# INSTRUCTIONS FOR THE TASK
Starting at the first line of the records below, reproduce every line up to and including the line with "Tartys Counter Height", but leave out all pictures.

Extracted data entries

====================

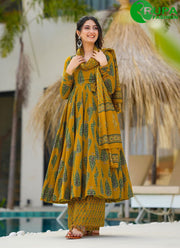 Beautiful Yellow with Green Color Pure Muslin Anarkali Style Salwar Suit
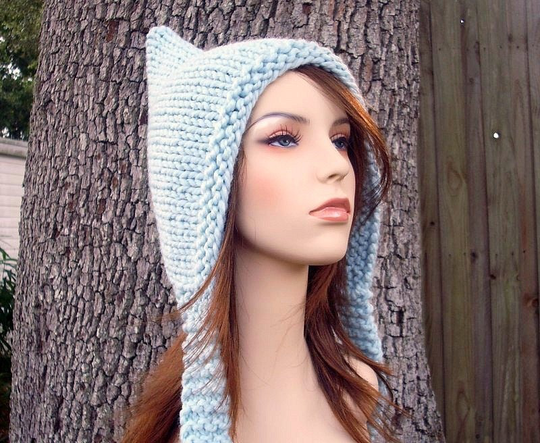 Knit Pixie Hood, Hat, Chunky Womens Mens Winter Ear Flap Glacier Blue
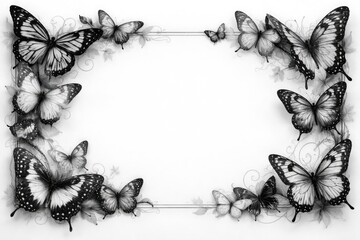 Monochrome Butterfly Frame Design in Elegant Black and White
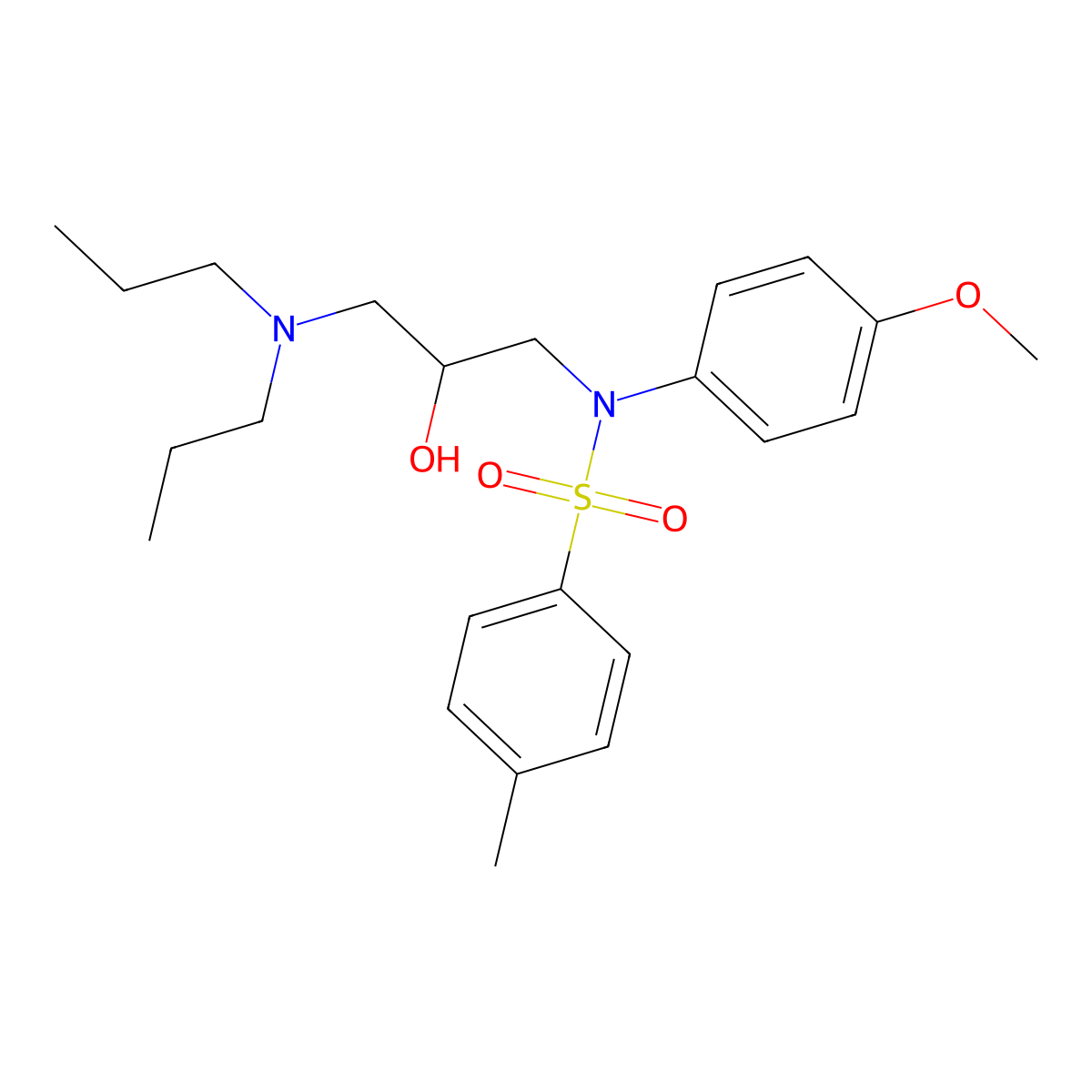 N-[3-(dipropylamino)-2-hydroxypropyl]-N-(4-methoxyphenyl)-4-methylbenzenesulfonamide molecular structure, CAS 432498-20-9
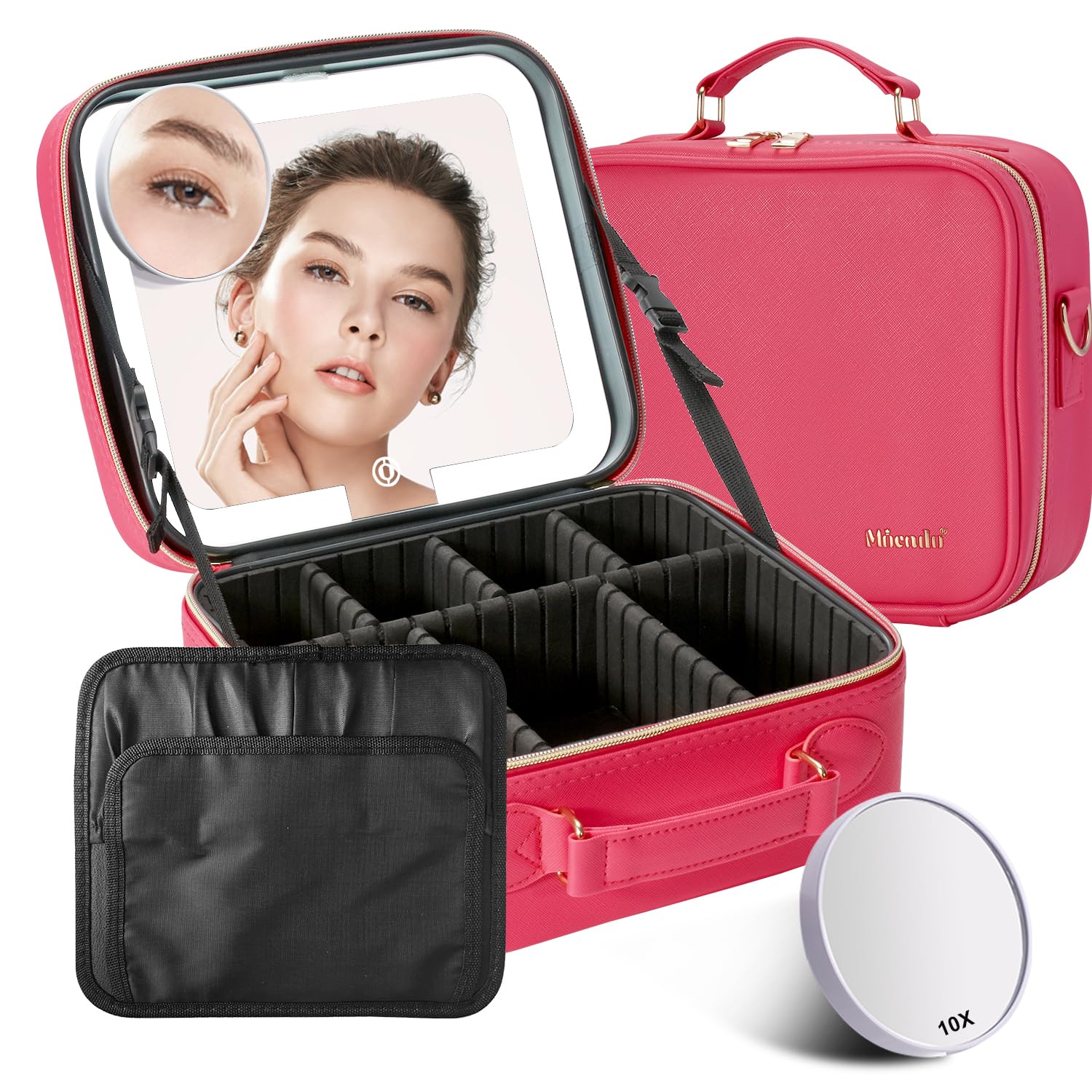 Mocado Travel Makeup Bag with Mirror Makeup Case with 10x Magnifying Mirror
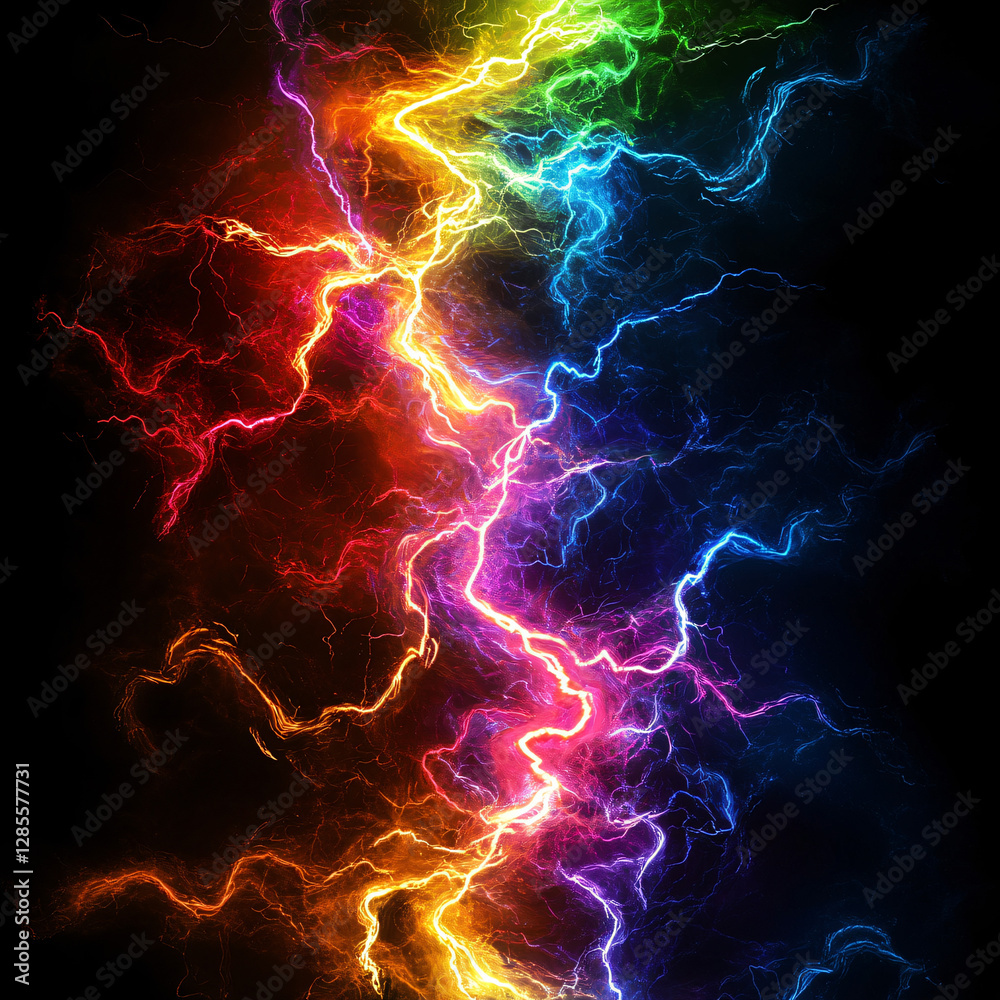 Obraz premium a black background with multiple colored lightnings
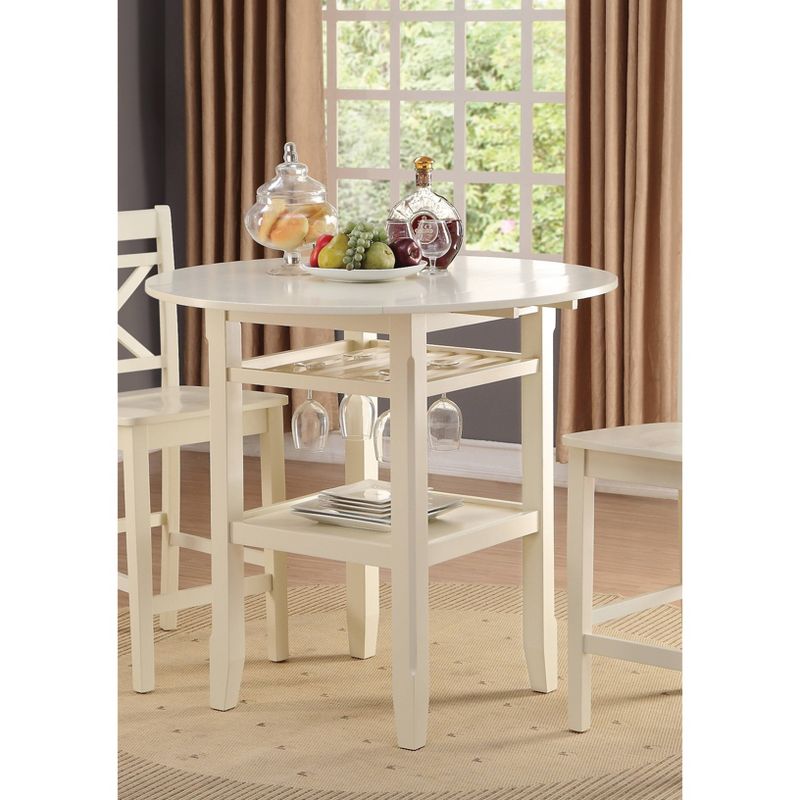 Tartys Counter Height Drop Leaf Dining Table Wood/Cream - Acme Furniture, 3 of 5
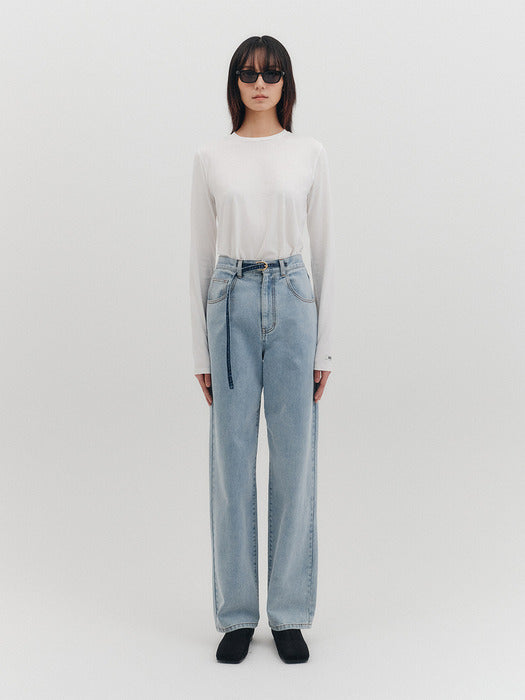 [EENK] 002 High-Waisted Belted Straight Denim - 4 Colors_B for Binding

====================

# ANSWER BOX
 Beautiful Yellow with Green Color Pure Muslin Anarkali Style Salwar Suit
 Knit Pixie Hood, Hat, Chunky Womens Mens Winter Ear Flap Glacier Blue
 Monochrome Butterfly Frame Design in Elegant Black and White
 N-[3-(dipropylamino)-2-hydroxypropyl]-N-(4-methoxyphenyl)-4-methylbenzenesulfonamide molecular structure, CAS 432498-20-9
 Mocado Travel Makeup Bag with Mirror Makeup Case with 10x Magnifying Mirror
 Obraz premium a black background with multiple colored lightnings
 Tartys Counter Height Drop Leaf Dining Table Wood/Cream - Acme Furniture, 3 of 5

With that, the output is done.